All'inizio era un divertimento, storielle divertenti e poesie, un modo per fuggire dalla noia della periferia di Dublino, la sua città, e di una situazione scolastica che egli descrive come opprimente. Ma nel tempo è diventata qualcosa in più: prima un atto di ribellione al padre, seguendo l'esempio del musicista Nick Cave (che suo padre non amava e che oltre a suonare aveva anche scritto un libro), poi qualcosa che avrebbe potuto andare avanti mentre frequentava gli ambienti del Trinity College di Dublino. Ma la «figura magica» che diede una svolta alla sua carriera di scrittore fu Ali Smith. Murray la incontrò alla University of East Anglia, dove fu sua tutor durante un master, e fu lei a mostrare alcuni capitoli di lui all'editore che si offrì di pubblicarlo, proprio il giorno dopo che il padre lo aveva invitato a desistere da questo futuro di scrittore, che considerava negativamente perché molti scrittori diventavano ubriaconi.

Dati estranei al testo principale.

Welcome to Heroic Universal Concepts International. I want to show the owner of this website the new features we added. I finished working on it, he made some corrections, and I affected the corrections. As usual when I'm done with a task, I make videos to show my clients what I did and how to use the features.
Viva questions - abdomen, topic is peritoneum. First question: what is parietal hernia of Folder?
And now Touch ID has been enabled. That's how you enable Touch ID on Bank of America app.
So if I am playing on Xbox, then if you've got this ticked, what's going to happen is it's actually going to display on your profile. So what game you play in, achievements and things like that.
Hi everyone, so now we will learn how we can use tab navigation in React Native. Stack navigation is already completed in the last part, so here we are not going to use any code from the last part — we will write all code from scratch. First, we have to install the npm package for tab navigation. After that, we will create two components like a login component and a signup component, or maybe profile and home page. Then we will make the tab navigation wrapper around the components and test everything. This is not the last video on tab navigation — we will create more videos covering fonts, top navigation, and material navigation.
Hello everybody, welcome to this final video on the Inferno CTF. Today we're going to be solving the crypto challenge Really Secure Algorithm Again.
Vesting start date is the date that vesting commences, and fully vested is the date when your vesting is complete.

Alla domanda di Christian Mascheroni su come riconosca una storia che potrà funzionare, Murray fa l'esempio dell'innamoramento: prima c'è un'immagine, una battuta, un'idea, poi questa inizia a crescere e prendere vita. E, come l'amore, la prima bozza è entusiasmante anche se non si sa dove porterà. Segue il matrimonio, quando bisogna rivedere quanto si è già scritto: appaiono i problemi e bisogna accettare di fare un passo indietro e di affidarsi a dei professionisti.

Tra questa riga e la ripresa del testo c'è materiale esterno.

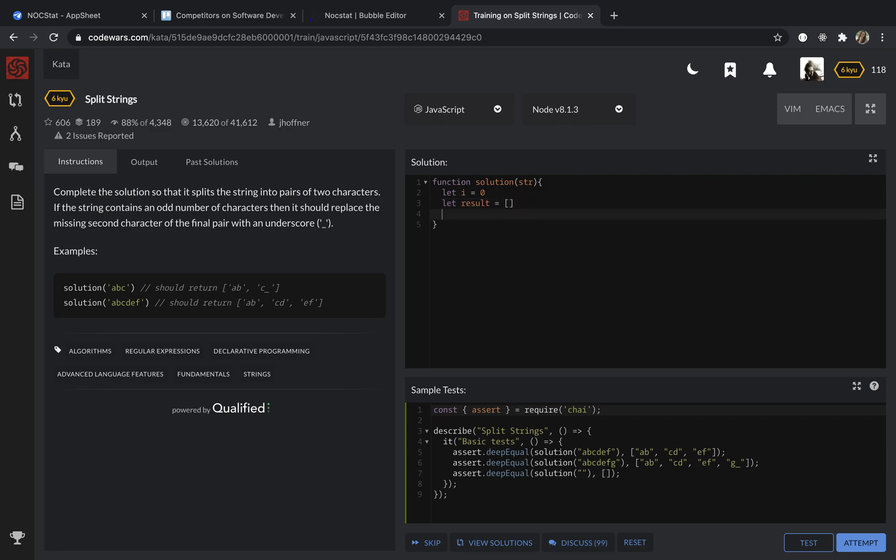Then I'm going to check if the string length divided by two,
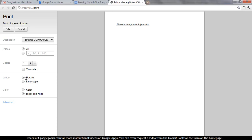The coolest thing about printing in Google Apps is the ability to use Google Cloud Print. So right now I'm actually working from home, but if I clicked print, this would print out at the office.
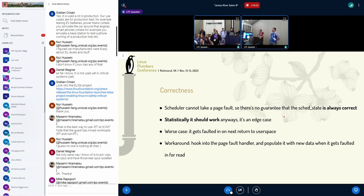André: I didn't benchmark yet — I'm trying to figure out the proper design first. Once you incur the context switch, the MCS properties and the OSQ lock specifically really boost performance.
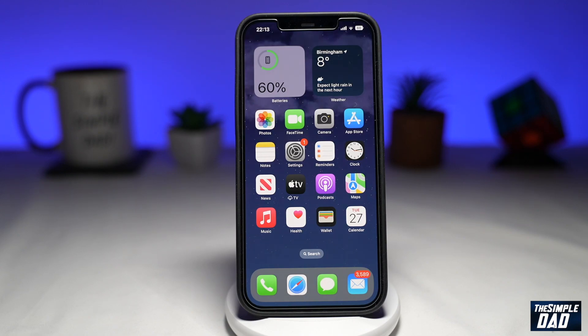Welcome to another Simple Dad iPhone tutorial. In this video, I'll show you how to use the medication feature on the Health app on iOS 16.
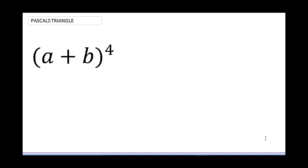Hello, welcome to this channel. If this is your first time here, don't forget to hit the subscribe button. We are going to be solving an expansion mathematics question. It says: (a + b) raised to the power 4. In order to expand this, if you want to follow the normal approach...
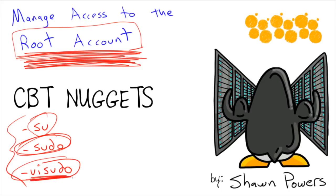Visudo won't let you save the changes you've made if you make a poor syntax choice or you do a typo in there because it doesn't want you to lock yourself out of your system. So that's just the safest way to go about editing the sudoers file.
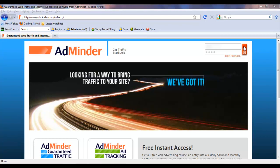Welcome to the AdMinder.com Ad Tracking Tutorial: How to Set Up an Ad Code. In this tutorial, you will learn how to create an ad code to track your online promotions.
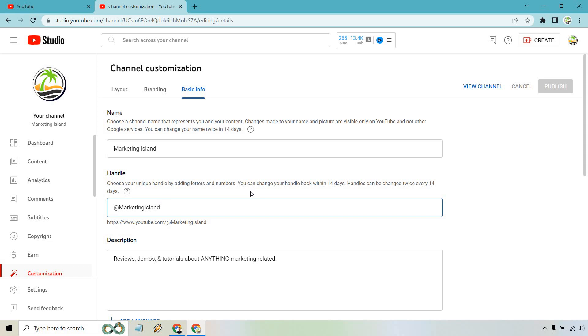Also, I want to read this to you because it's kind of important. You can choose your unique handle by adding letters and numbers. You can change your handle back within 14 days, and handles can be changed twice every 14 days. I believe they do that so that you can't constantly spam your name change or your handle change.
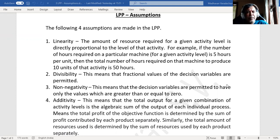The second assumption is divisibility. It means that even decimal values or fractional values are allowed for the decision variables we are considering in a linear programming problem. Decision variables can have fractional or decimal values also. That is called divisibility.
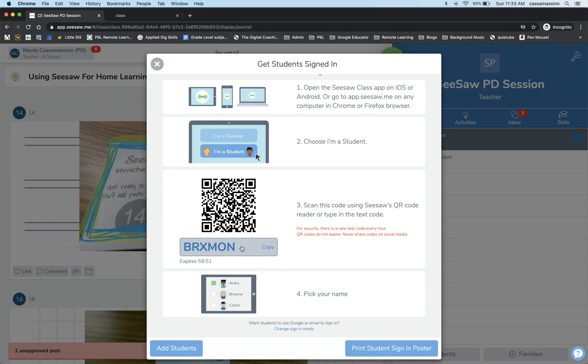You can give them this code; however, be aware that it does change every 60 minutes for security purposes.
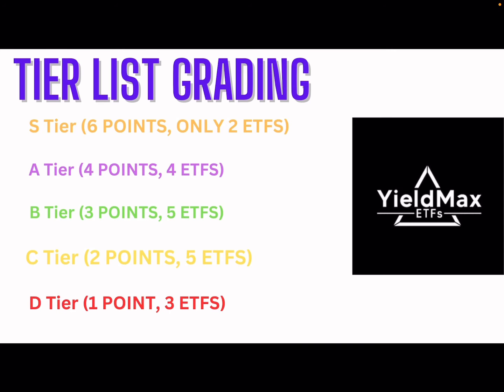There's going to be multiple rounds to this. We got S tier with 6 points but only 2 ETFs can be there. A tier 4 points, 4 ETFs. B tier 3 points, 5 ETFs. C tier 2 points, 5 ETFs. And D tier 1 point, 3 ETFs. Then we're going to add up all these points to the end and get the overall grade of each YieldMax ETF.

Però, diversamente dall'amore, la scrittura è un'attività solitaria, in cui bisogna capire le cose da soli. Talvolta ci si incaglia su un paragrafo, si passano ore e ore di una giornata cercando di trovare la giusta voce per raccontare qualcosa, poi all'improvviso si esce, si fa una passeggiata col cane e arriva l'illuminazione, la giusta soluzione. Al tempo stesso, il libro ha una sua vita: talvolta lo scrittore si trova a scrivere una scena in un modo per rendersi poi conto che quanto ha scritto non è coerente col personaggio e allora segue una direzione verso la quale sembra che il libro stesso lo guidi.
Nello scrivere una storia è necessario mantenere anche la giusta distanza: Colum McCann sottolineava il rischio per un lettore di vedere solo lo scrittore. Invece bisogna creare personaggi senza pensare al lettore, ma avere fiducia nella sua empatia.

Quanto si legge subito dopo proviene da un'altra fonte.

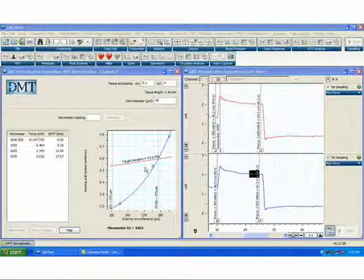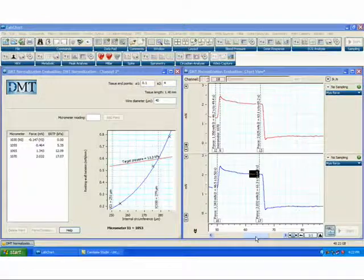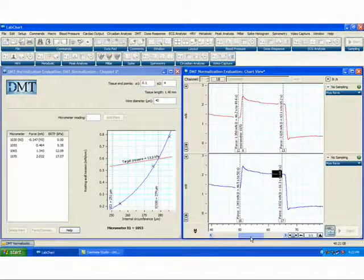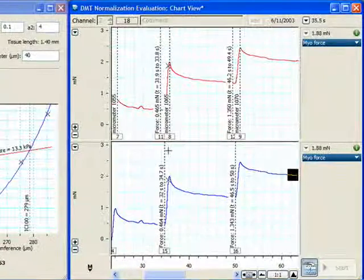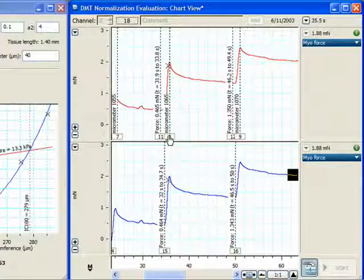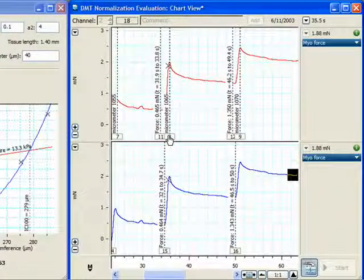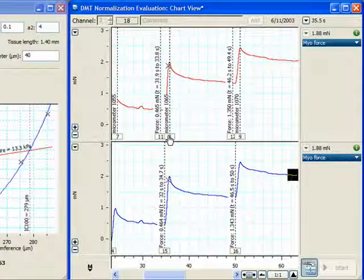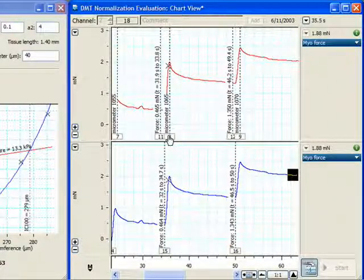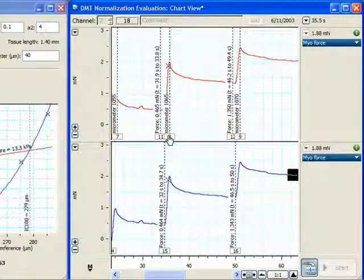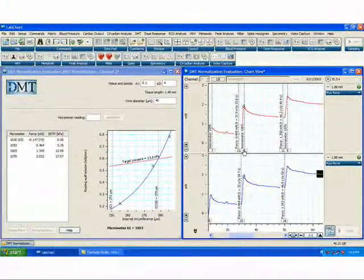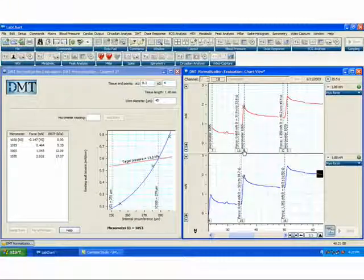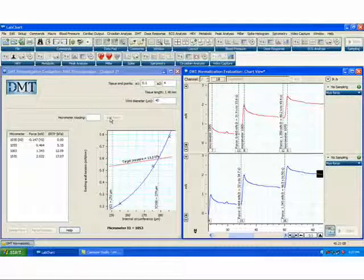Please note that in this file, the micrometer readings were entered as comments into the chart data for post-acquisition analysis using the DMT normalization module. However, to save time in acquisition and analysis, you can use the DMT normalization module in real time as you record. In this case, you would set the micrometer reading, enter it here, and click Add Point.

Ne Il giorno dell'ape, l'ultimo romanzo di Murray, si ritrova anche un elemento di folklore irlandese, un richiamo alla fiaba dei Sidhe, fate impossibili da vedere all'occhio umano che amano fare scherzi crudeli agli uomini. Questo elemento fiabesco, che mantiene vive le antiche storie irlandesi, serve da sempre a spiegare i cambiamenti repentini del fato, dal bene al male senza alcuna spiegazione, e dà speranza ad uno dei personaggi in un momento in cui tutti sono persi. Perché questo è il ruolo del libro e delle storie: vedere le cose in modo più chiaro, e se non funziona - come nella metafora proustiana degli occhiali - è bene cambiare libro.